This action was brought under the authority of Code of Civil Procedure section 731, which, inter alia, empowers a city attorney to bring a civil action "to abate a public nuisance." Abatement, however, is the sole relief that section 731 authorizes the city attorney to seek. This is evident when the above-quoted language is compared to the first portion of the statute. That portion allows an action to be brought by "any person whose property is injuriously affected, or whose personal enjoyment is lessened by a nuisance ...." Such a person is expressly authorized to seek a judgment where "the nuisance may be enjoined or abated as well as damages recovered therefor." (Emphasis added.) It is clear that the Legislature intended that one type of litigant could seek abatement and damages, while the other type of litigant could obtain abatement only. A city attorney, in an action "brought in the name of the people," fits squarely and exclusively in the latter classification.

The City attempts to fit itself into the class of litigants who can seek damages by relying on Civil Code section 14, which provides that "the word person includes a corporation as well as a natural person." 8 The City reasons that since the action was brought by the city attorney at the direction of an incorporated city, this somehow converts the action into one brought by a "person whose property is injuriously affected, or whose personal enjoyment is lessened by a nuisance." This argument borders on the frivolous. We agree with the defendants that "(w)ord games are being employed by Respondent to circumvent the straight-forward provisions of the code." Since abatement is the only relief that can be granted in this case, the portion of the judgment awarding damages must be reversed.
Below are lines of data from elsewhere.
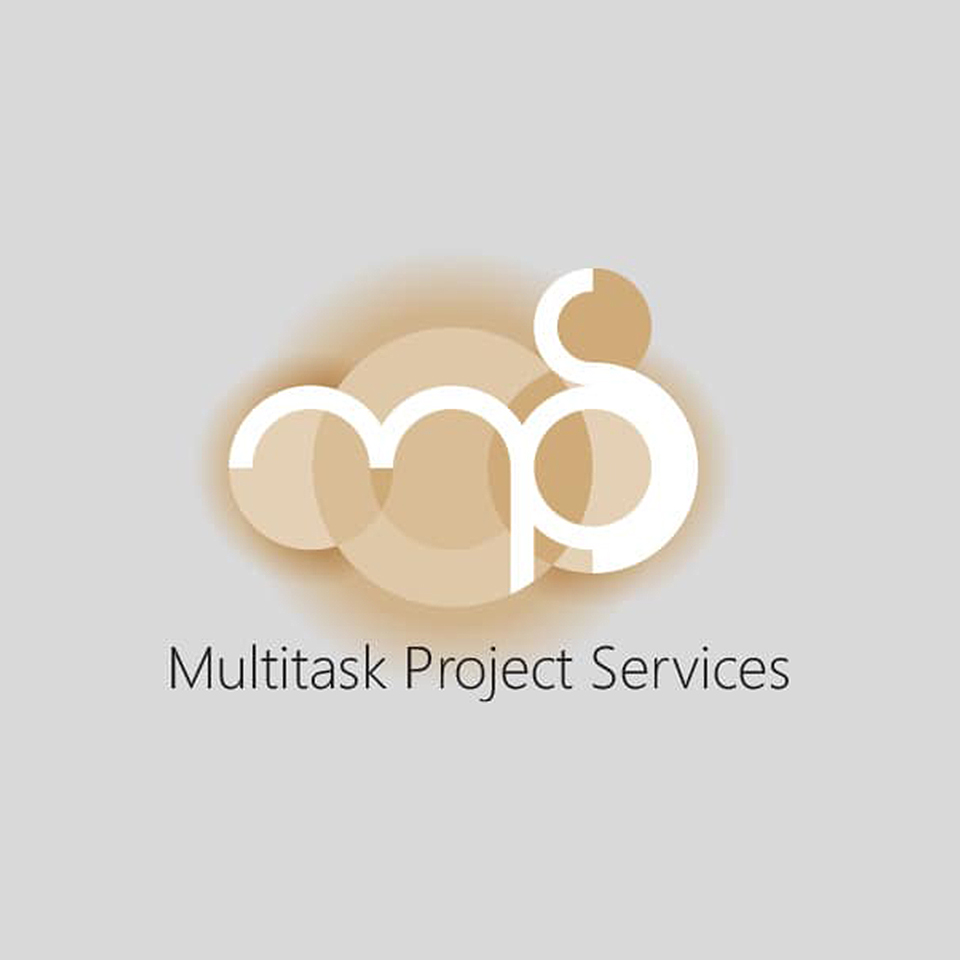 MPS Logo design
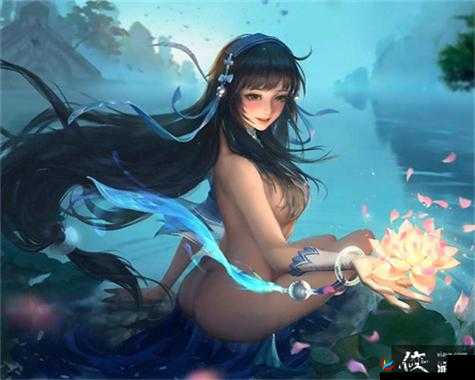 王者荣耀所有女角色无布料无爱心，引发玩家争议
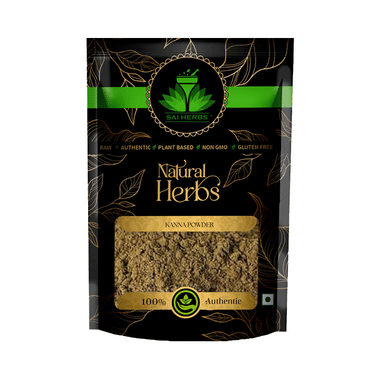 Sai Herbs Kanna Powder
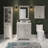 Ellery 30 " Single Bathroom Vanity Base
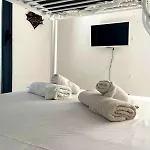 Apart Duplex Cala Busquets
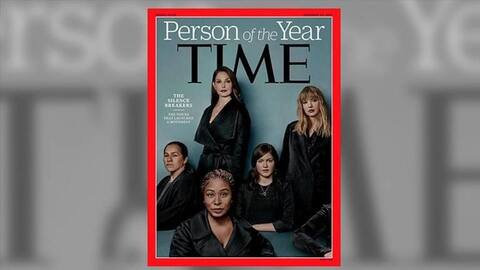 TIME's Person of Year: 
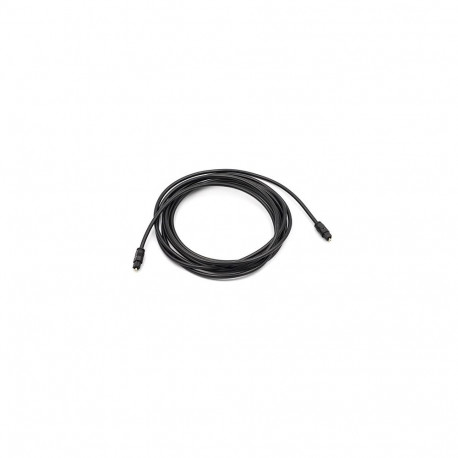 Optical audio cable Toslink-Toslink, 3m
We also conclude that the other remedies granted by the trial court, except for the injunction, are inconsistent with the language of section 731. The City's arguments to the contrary appear to stem from an erroneous view of what constitutes the public nuisance that may be abated. This misunderstanding can be seen from the City's extensive argument concerning the asserted error of the trial court in refusing to close the defendants' theater for a period of time. The theater should be closed, the City contends, because "(t)he suppression of nuisances injurious to public health or morality is among the most important duties of government." (Phalen v. Commonwealth of Virginia (1850) 49 U.S. (8 How.) 163, 168, 12 L.Ed. 1030, 1033.) It thus appears that the City believes that it is the theater that constitutes the public nuisance. 9 This is an incorrect reading of the Busch decision. In Busch, the court states that "the exhibition of...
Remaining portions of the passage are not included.